- _ABOUT THIS TASK_: The listing below begins with the first line you should copy; stop after the line containing "Gold Plated hoop", and drop every picture.

- _DATA SUPPLIED_:
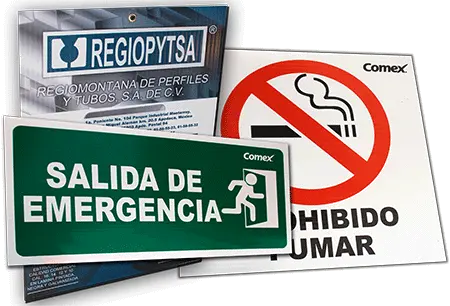 Señalamientos de salida de emergencia y prohibido fumar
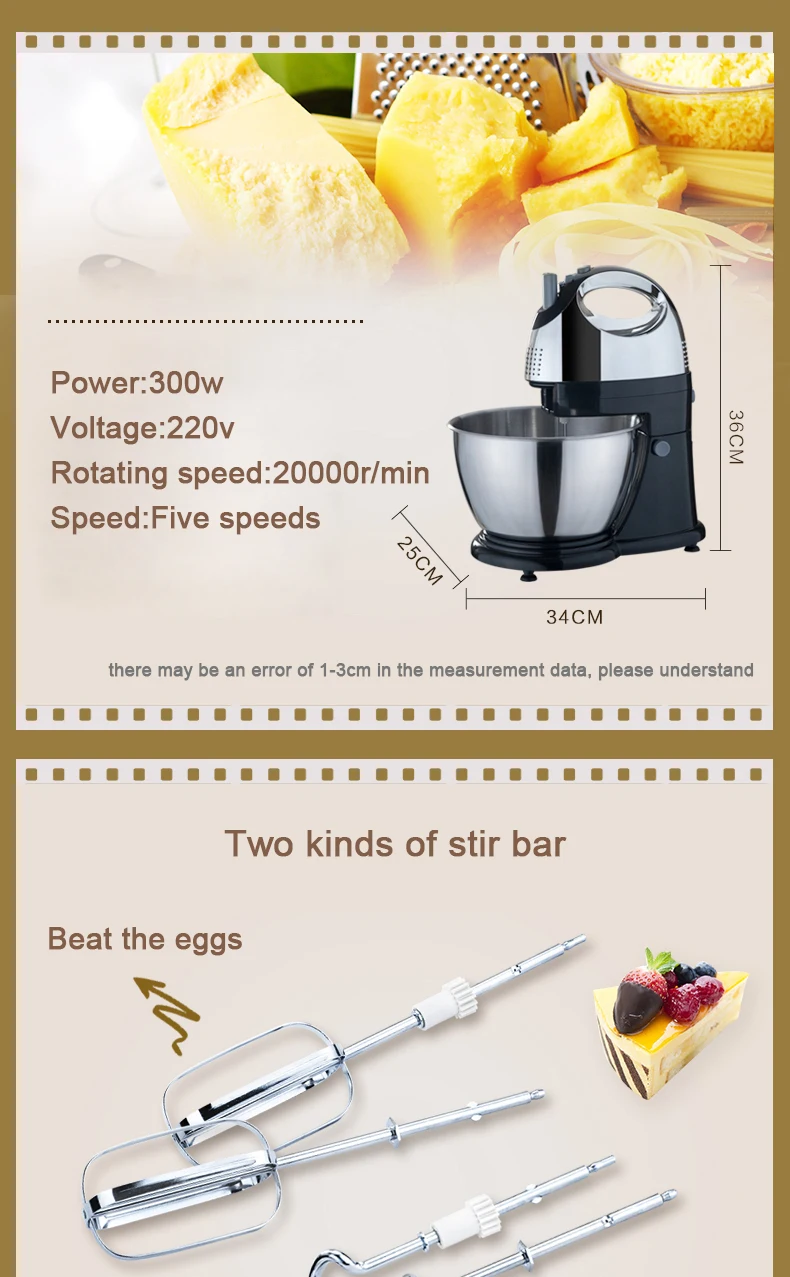 JIQI 4L Stainless Steel Bowl Electric Stand Food Mixer Egg Beater Cream Blender Handheld Whisk Cake Bread Dough Kneading Machine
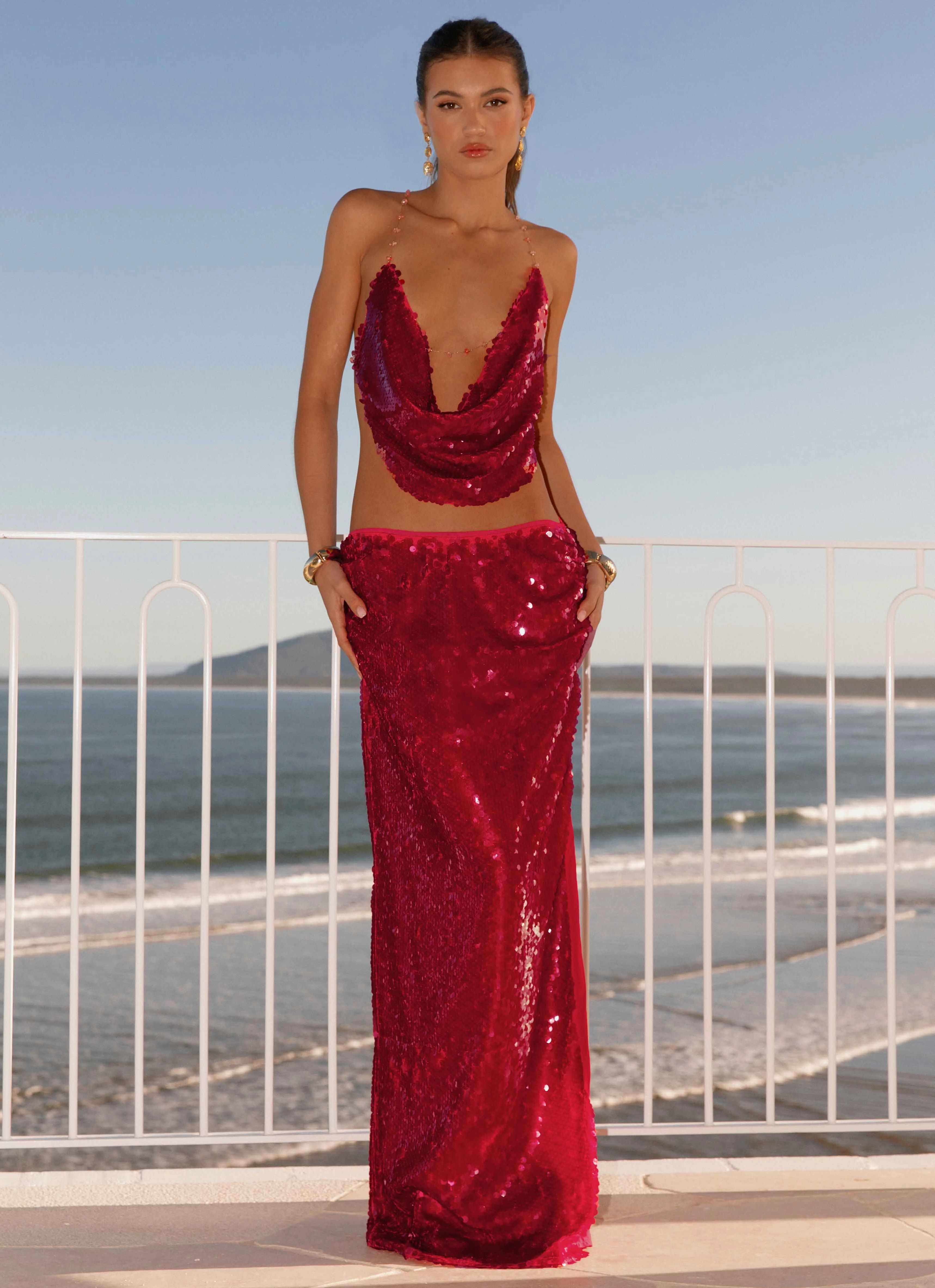 Semi Sheer Amosa Maxi Skirt - Fuchsia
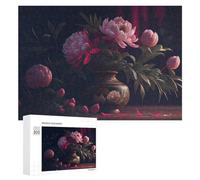 Rompecabezas para adultos, 300 piezas de ramo de peonías brillantes, decoración para adultos, juegos de relajación, regalos para mujeres, regalo de cumpleaños, regalos, 300 piezas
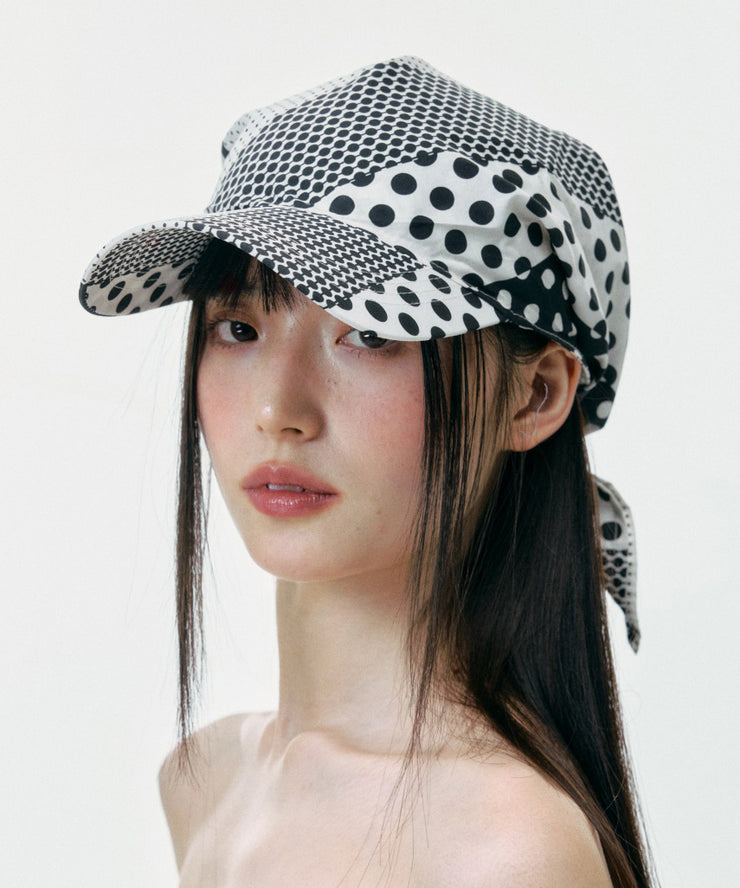 Japanese Style Black White Dot Bow Baseball Cap Hat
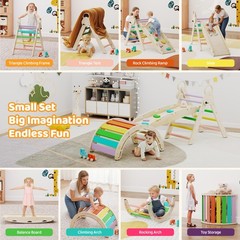 Pikler Triangle Set, 7-in-1 Foldable Climbing Toys, Indoor Playground for , M…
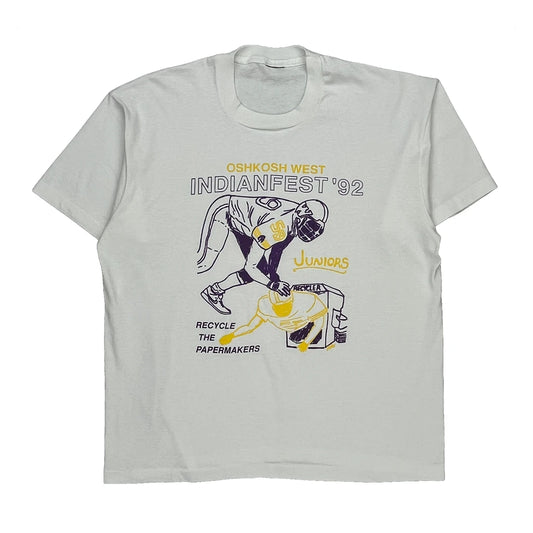 Indianfest '92 Oshkosh Graphic T-Shirt - Large White Cotton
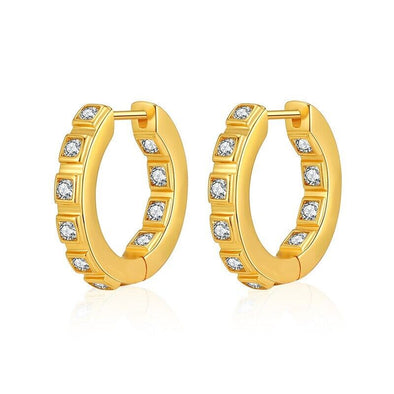 Gold Plated hoop earrings, round CZ huggies earrings one pair JWDHJ45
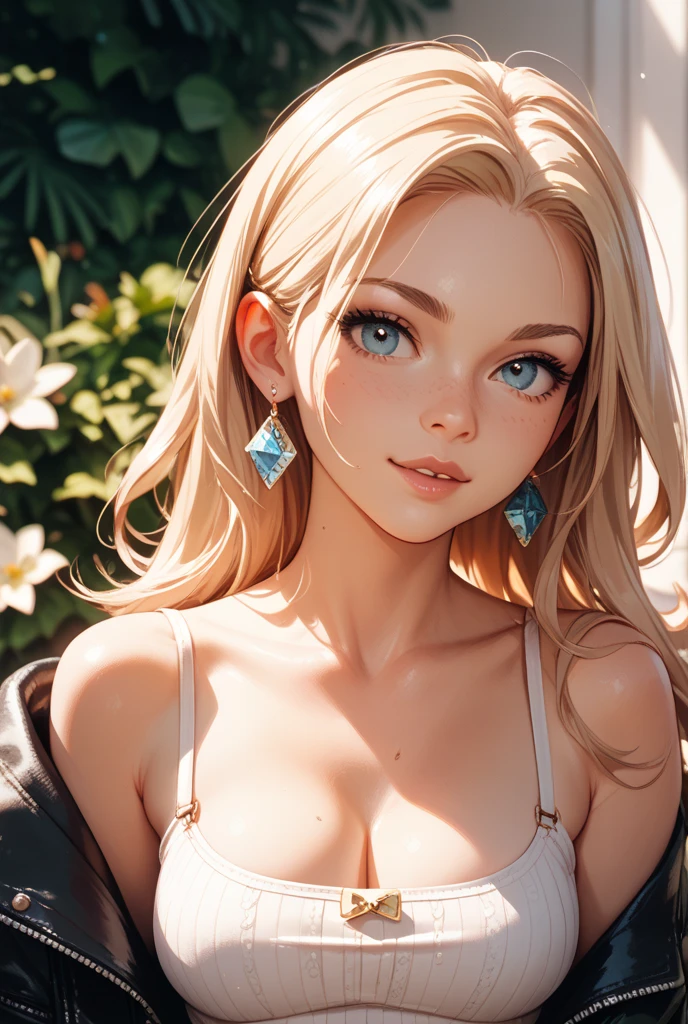 (Best Quality, ultra detailed, photorealistic: 1.39), bright and vibrant colors, studio lighting, romantic expressionmasterpiece, Best Quality1girl, Alone, blond hair, very long hair, blue eyes, hair scrunchy, looking at the viewer, Lips, shy smile, cowboy shot, shackles, Short shorts, turtleneck, T-shirt, neckline, Cara de Ahegao, small breasts, luxury resort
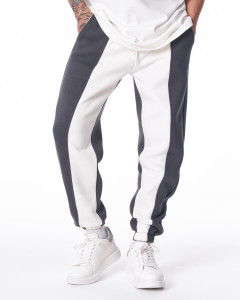 Men's Gray-White Color With Elastic Cuffs Oversize Jogger
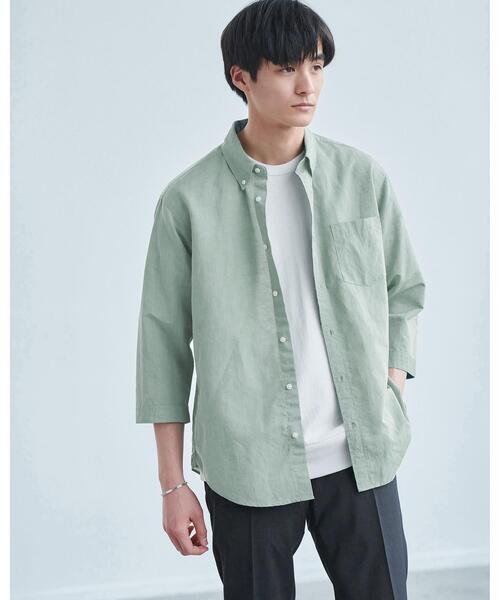 green label relaxing(グリーンレーベルリラクシング)の「イージーリネン ボタンダウンカラー 7分袖 シャツ(シャツ/ブラウス・メンズ・グレー/ケリー/ロイヤルブルー・S/M/XL/L/XXL)」の2枚目の写真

- _ANSWER SECTION_:
 Señalamientos de salida de emergencia y prohibido fumar
 JIQI 4L Stainless Steel Bowl Electric Stand Food Mixer Egg Beater Cream Blender Handheld Whisk Cake Bread Dough Kneading Machine
 Semi Sheer Amosa Maxi Skirt - Fuchsia
 Rompecabezas para adultos, 300 piezas de ramo de peonías brillantes, decoración para adultos, juegos de relajación, regalos para mujeres, regalo de cumpleaños, regalos, 300 piezas
 Japanese Style Black White Dot Bow Baseball Cap Hat
 Pikler Triangle Set, 7-in-1 Foldable Climbing Toys, Indoor Playground for , M…
 Indianfest '92 Oshkosh Graphic T-Shirt - Large White Cotton
 Gold Plated hoop earrings, round CZ huggies earrings one pair JWDHJ45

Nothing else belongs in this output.